Global Partnership with Beingmate
We are establishing a global partnership with Beingmate, which is one of the leading infant food manufacturers in China. Beingmate is already a long-standing customer – and is a well-established and respected company in China.
Our partnership will be the next milestone for our strategy, as it will increase the volume and value of our ingredients and branded infant products exported to China.
Together we will create a fully integrated global supply chain from the farm gate direct to China’s consumers, using Fonterra’s milk pools and manufacturing sites in New Zealand, Australia, and Europe.
This global supply chain will see more of our high quality dairy ingredients and our Anmum™ brand exported from here in New Zealand. It will see more high value paediatric products made in Australia for China at the Darnum plant – that is our second milk pool. And it includes a third milk pool in Europe where whey specialty ingredients will be manufactured at our new JV plant in the Netherlands, and through our alliance with Dairy Crest in the UK.
This partnership is about volume and value. The value will come from accessing Beingmate’s extensive distribution and sales network in the infant formula market in China. This market is today worth around NZ$18 billion – and is expected to be worth nearly NZ$33 billion by 2017.

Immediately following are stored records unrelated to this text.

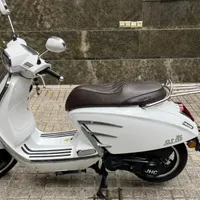 وسپا همتاز ۱۵۰ سی سی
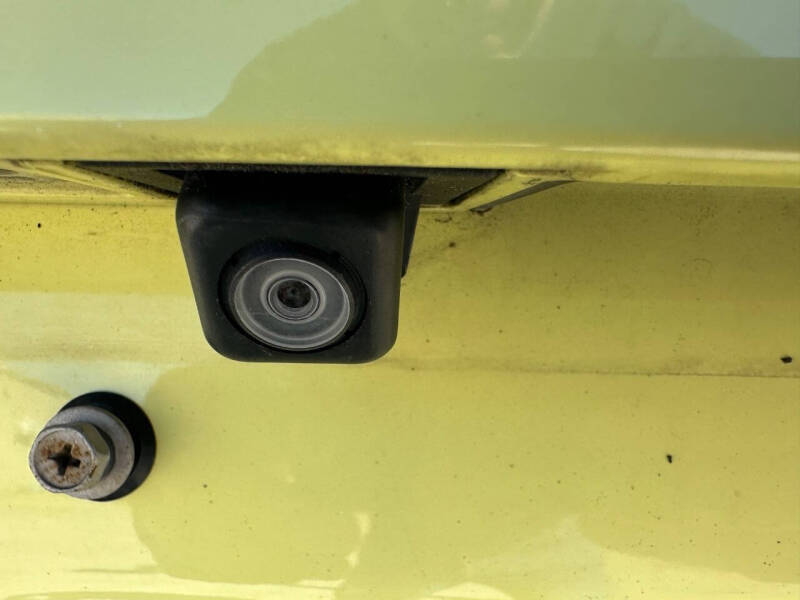 2017 Chevrolet Spark LS CVT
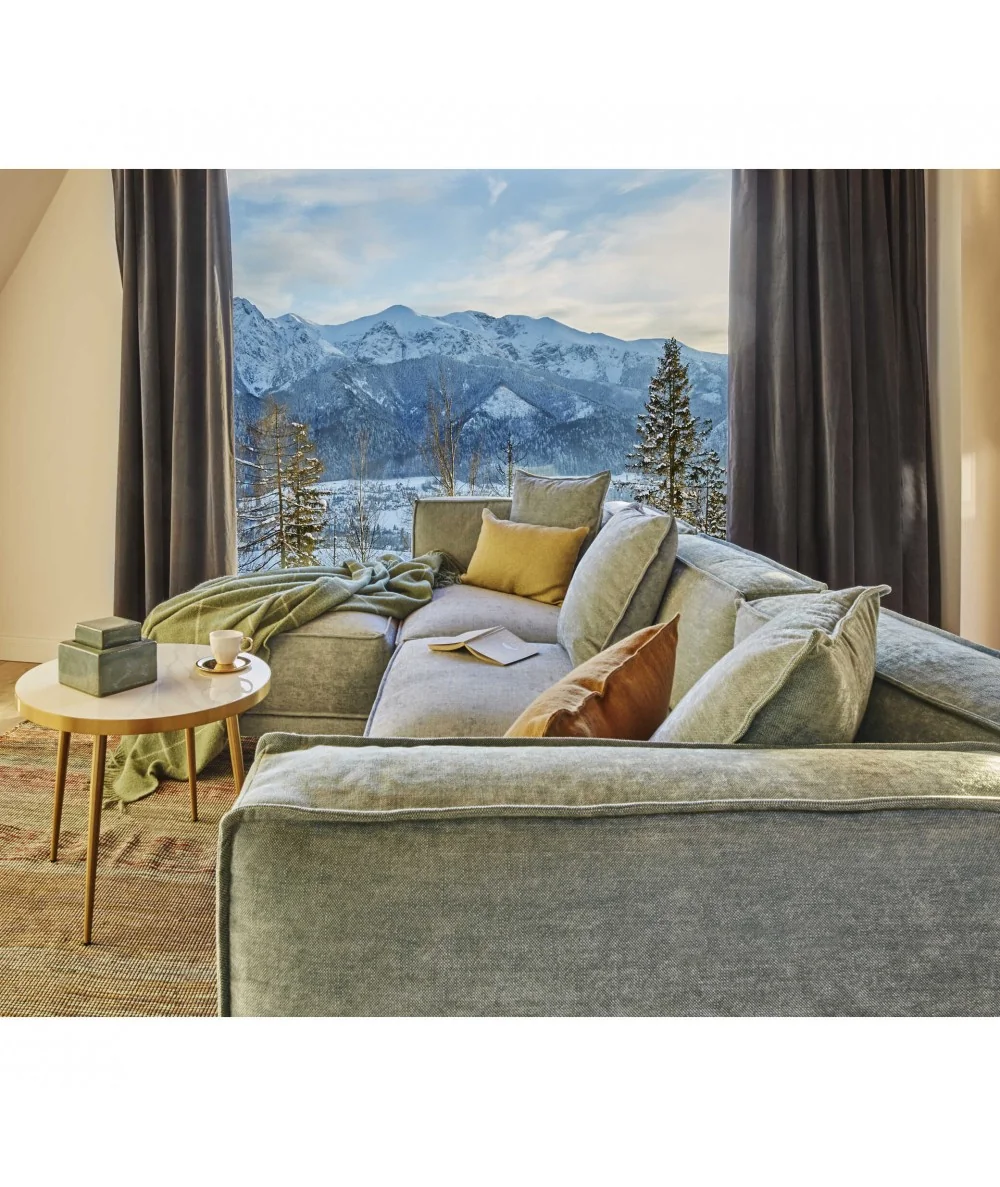 Sofa Laurent two seater three seater four seater 202-234-282x108cm
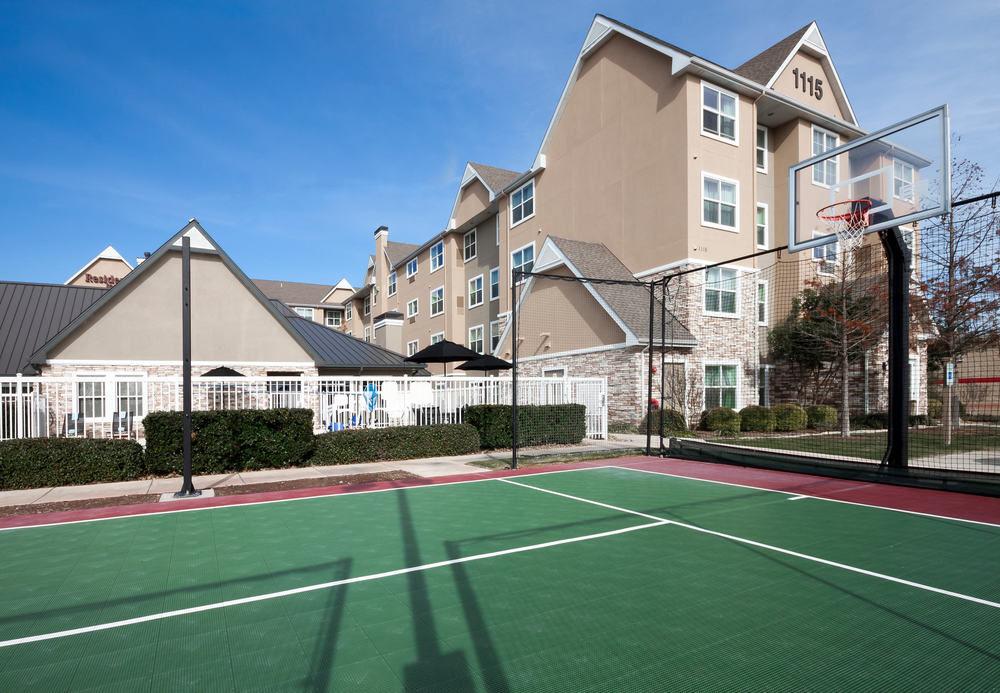 Residence Inn By Marriott San Antonio North Stone Oak Exteriér fotografie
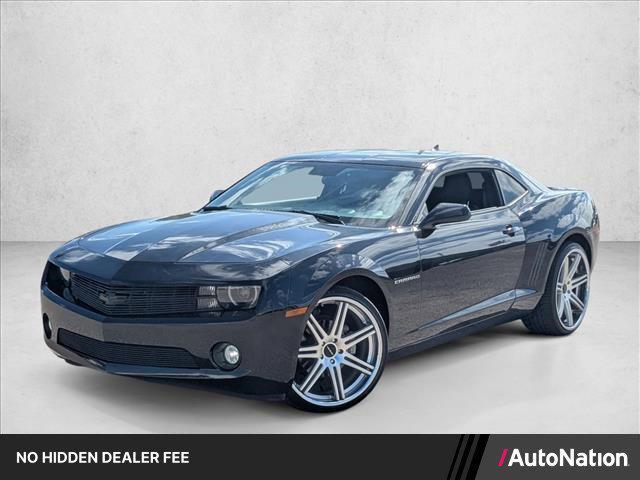 used 2011 Chevrolet Camaro car, priced at $13,491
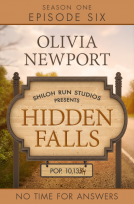 book cover for Hidden Falls: No Time for Answers - Episode 6
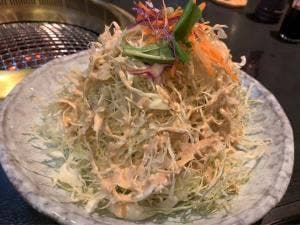 松阪 焼肉 千力 あたご店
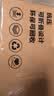 贝傅特 保温箱 泡沫箱铝箔保温箱生鲜水果物流冷链生鲜包装箱快递箱 3号【430*210*280mm*1个】 实拍图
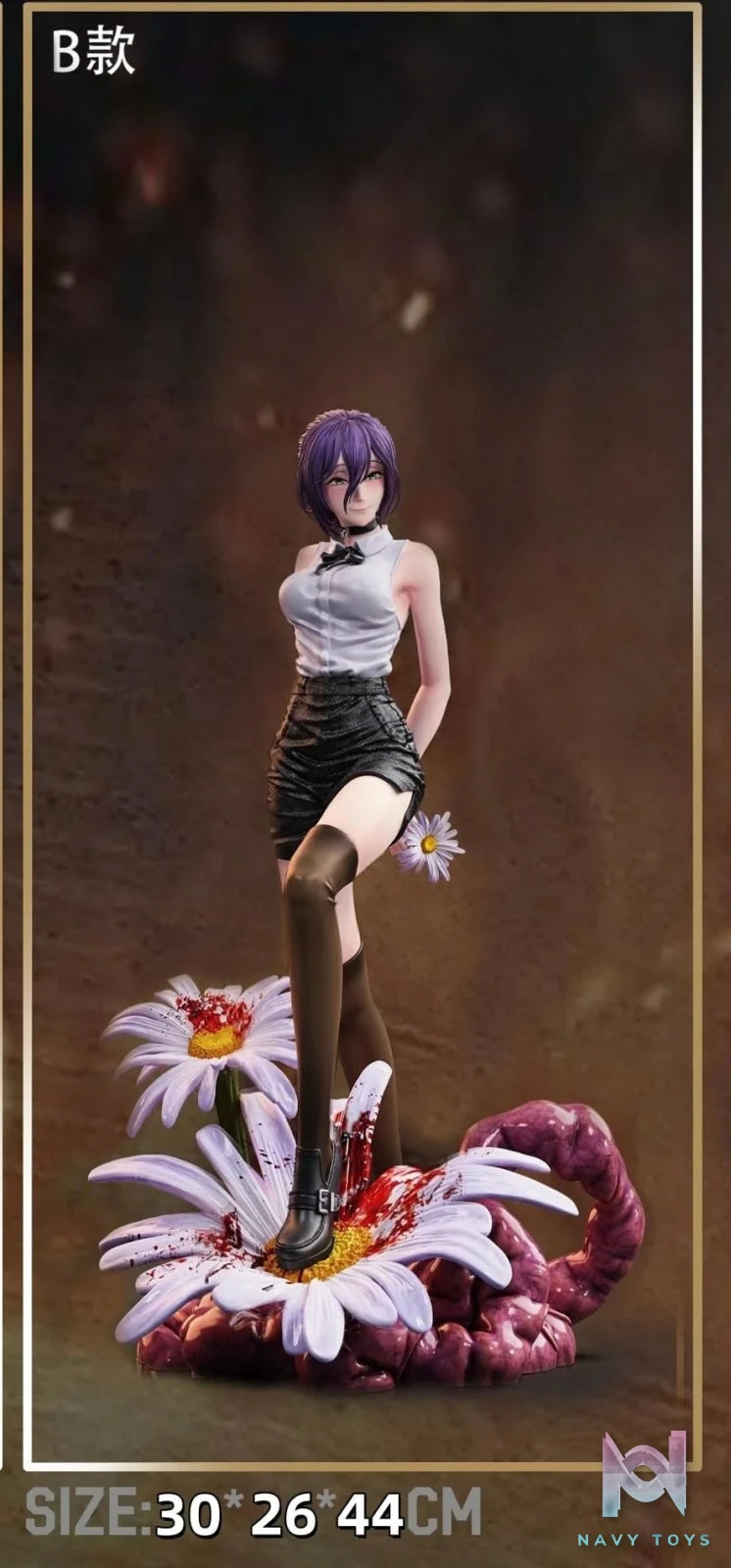 Reze Bomb Devil - Chainsaw Man - Scorpion Studio resin statue Scorpion Studio anime figure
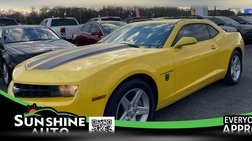 2010 Chevrolet Camaro LT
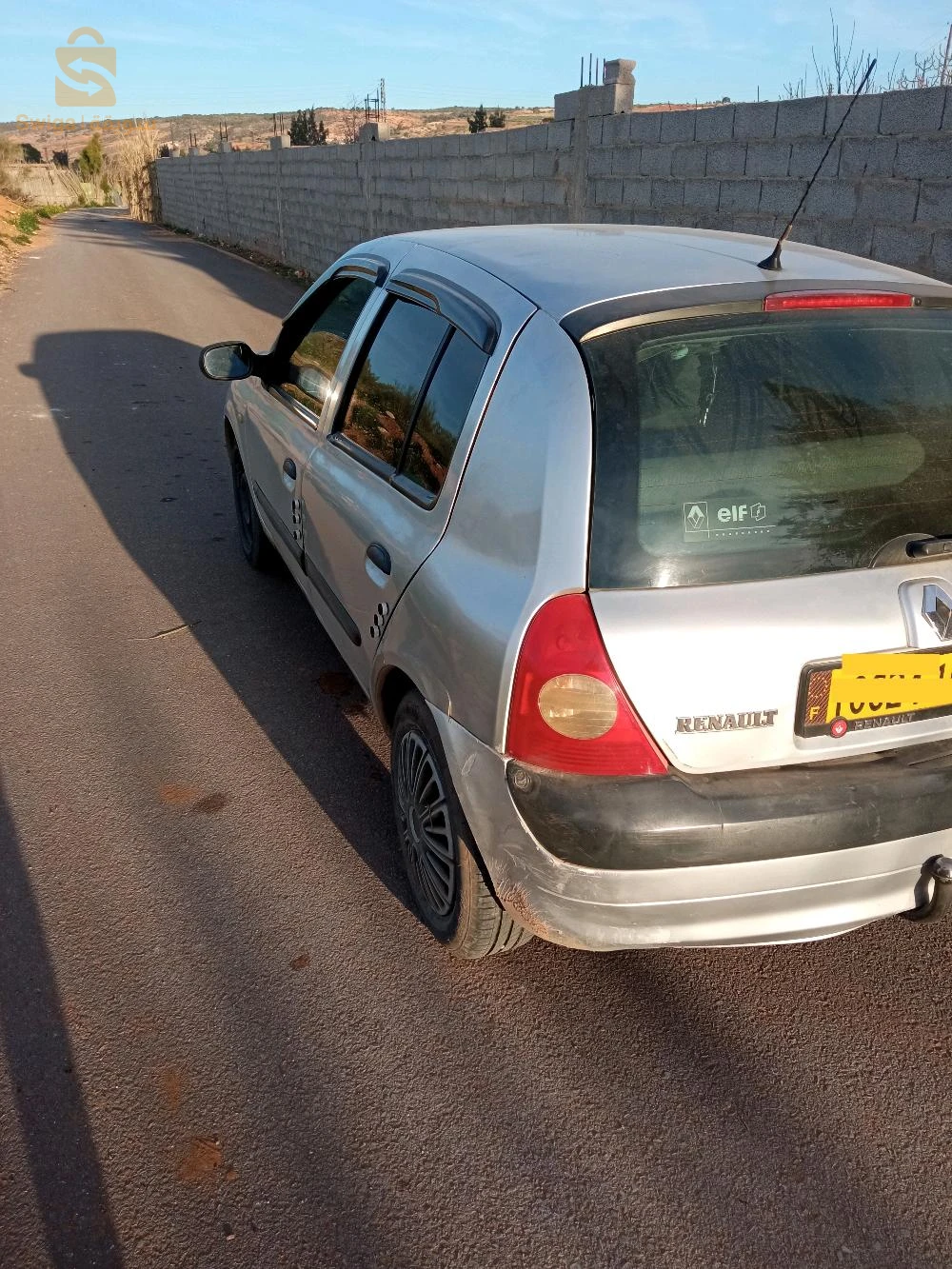 رينو Clio 2 2006 35 بومرداس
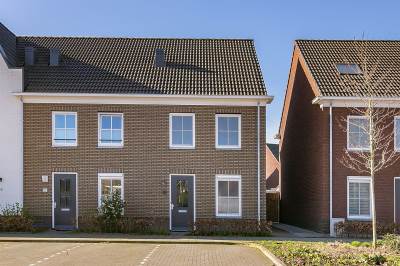 Woning Fabriekstraat 18 Deurne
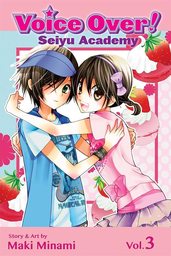 [9781421559728] VOICE OVER SEIYU ACADEMY 3
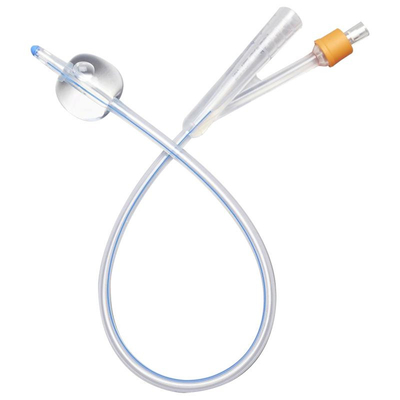 ซื้อ Suprapubic Silicone Urinary Foley Catheter วัสดุสิ้นเปลืองทางการแพทย์แบบใช้แล้วทิ้ง การผลิตออนไลน์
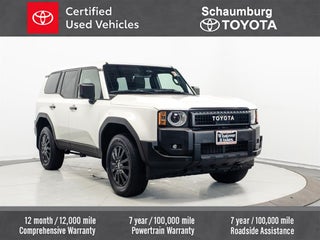 2025 Toyota Land Cruiser 1958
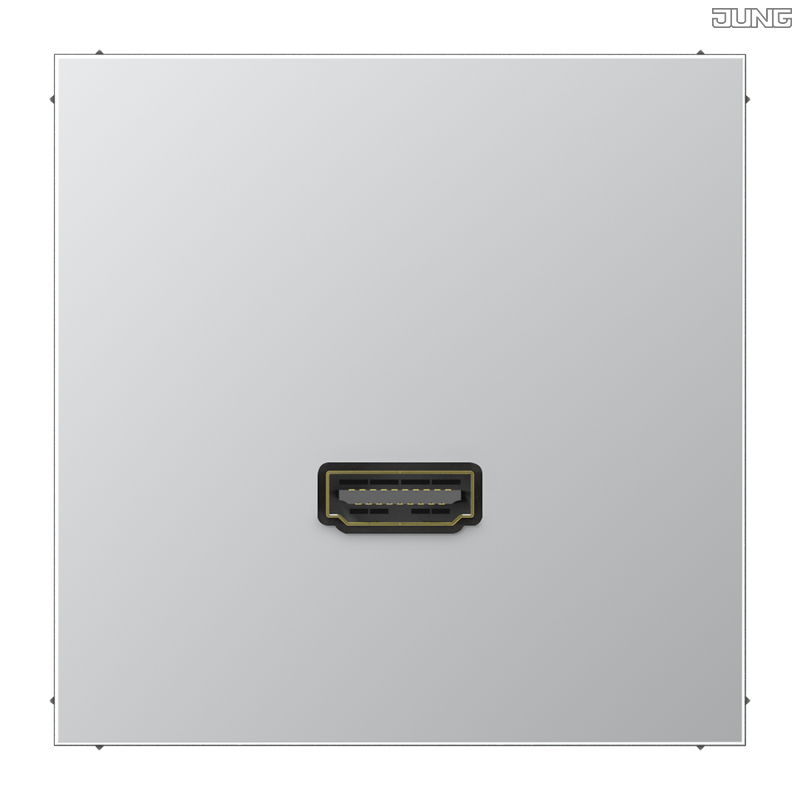 Jung BRG 12-5 PK 42 Abdeckung mit Kipphebel "Kegel" 1-fach 2 Kipphebel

This partnership will come together in two phases:
We are starting the process to issue a partial tender offer to gain up to a 20 per cent stake in Beingmate. Depending on the response to the tender offer, Fonterra’s total investment in the global partnership will be in the range of NZ$615 million (including proceeds from the JV in Australia), funded through debt.
After gaining regulatory approvals and Fonterra satisfactorily completing the partial tender offer, Fonterra and Beingmate will set up a joint venture to purchase Fonterra’s Darnum plant in Australia and establish a distribution agreement to sell Fonterra’s Anmum brand in China.
The purpose of the proposed joint venture will be to manufacture nutritional powders, including infant formula and growing up milk powder at Darnum, for Beingmate as well as Fonterra.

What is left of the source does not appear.